Activity: Apart from the pictures, every line below needs to be reproduced verbatim.

START Dataset section

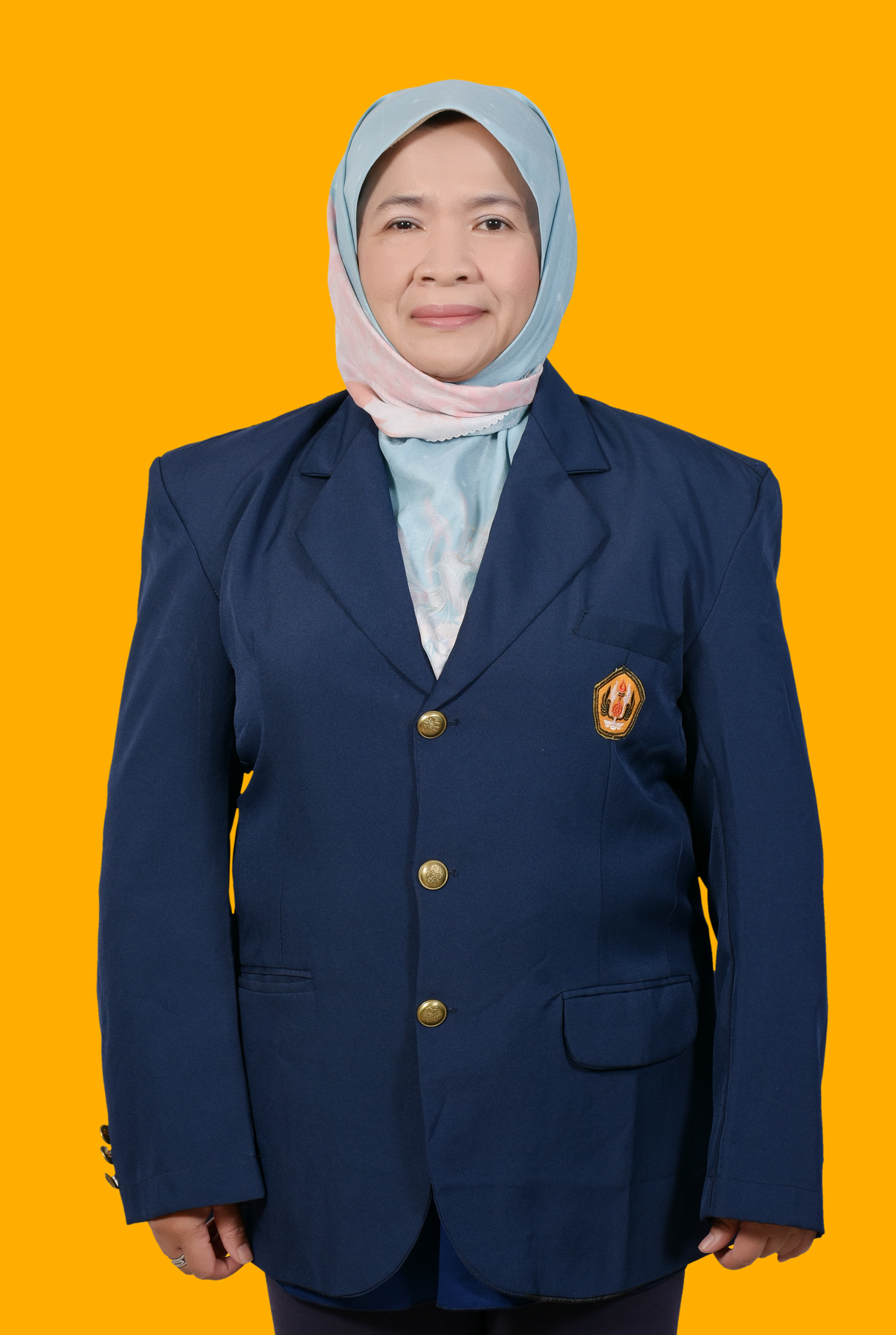 Prof. Dra. Binahayati, MSW., Ph.D.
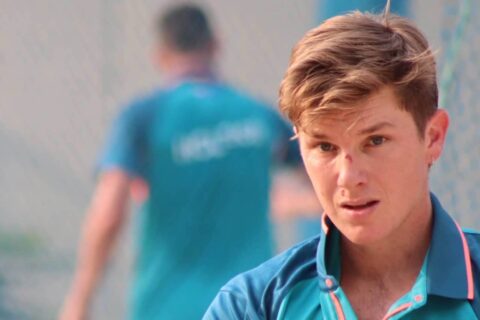 Adam Zampa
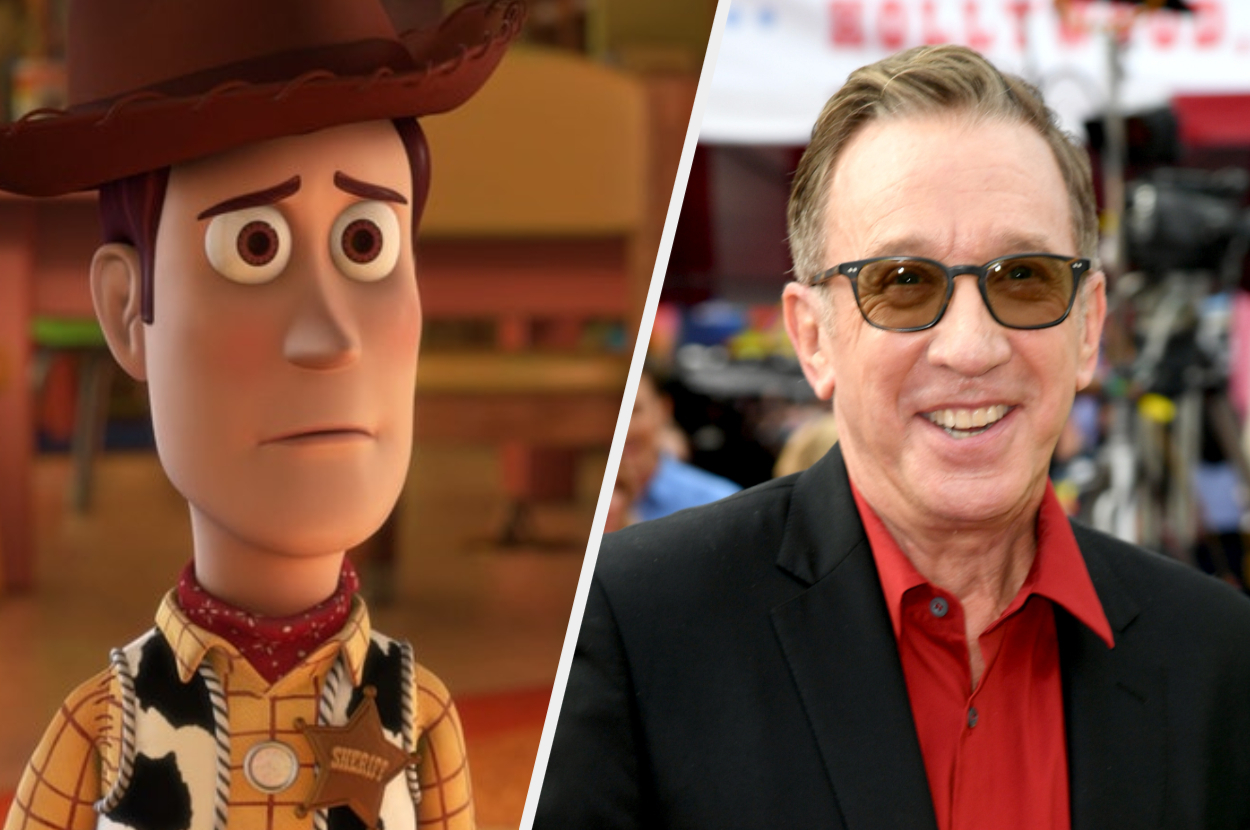 Do You Know Which Famous Actors Voiced These Classic Characters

END Dataset section

Solution to the exercise:
 Prof. Dra. Binahayati, MSW., Ph.D.
 Adam Zampa
 Do You Know Which Famous Actors Voiced These Classic Characters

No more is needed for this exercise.